Cuando comenzamos a leer Un Lun Dum carecíamos de referencias sobre la novela, más allá del rápido vistazo que habíamos echado a su reseña editorial. Pero había algo en él que nos llamaba poderosamente la atención. Hay portadas bien diseñadas, para qué negarlo. A veces cumplen su función.
Así que nos zambullimos en ella de cabeza, que para eso estamos en verano, y en un primer momento nos pareció que en vez de bucear flotábamos, como en las aguas del Mar Muerto. No es que no nos gustase lo que leíamos, es que por muy imaginativa y bien construida que estuviera la historia no parecía que la cosa avanzase.
Había una heroína y una amiga suya que traspasaban una frontera, personajes fantásticos, una descripción detallada, extremadamente minuciosa de un espacio fantástico en el que solo muy poquito a poco, brazada a brazada, nos movíamos. Y así`prosiguió la primera parte: El despliegue imaginativo notable, la acción leeeentaaaaaa.

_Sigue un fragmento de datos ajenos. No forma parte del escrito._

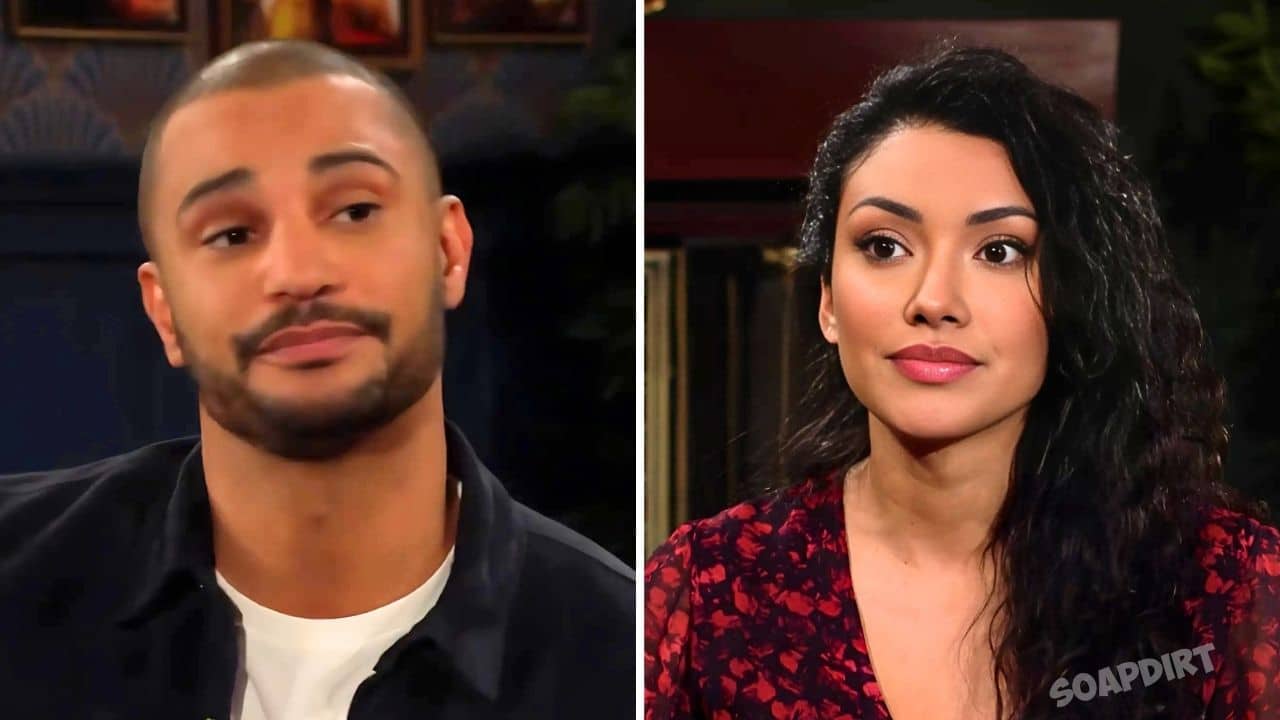 Young and the Restless Next Week: Audra & Hooked Holden Targets Kyle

Entonces China Miéville, su autor, le dio a la flechita del play y todo pasó de la cámara súper lenta a la normal. Descubrimos que en ese espacio alucinante, en el que la realidad del mundo que conocemos se reflejaba como en uno de los espejos cóncavos de Valle Inclán, todo cambiaba de perfil. La ñoñez de la supuesta protagonista se queda encerrada en el olvido, los secundarios asumían el poder y la novela adquiría un estupendo ritmo de fuga:
Hay una guerra por venir: El mundo al otro lado del espejo corre el riesgo de desaparecer devorado por la oscuridad, mientras un minúsculo grupo de héroes insólitos se enfrenta al inmenso poder maléfico que lo amenaza todo; lo fantasmagórico cobra vida, lo imposible se hace posible.
Y una novela que estábamos a punto de abandonar tras las cien primeras páginas nos hizo quedarnos sin dormir una noche entera porque no podíamos esperar para conocer su desenlace.
Una recomendación especial para jóvenes lectores pacientes.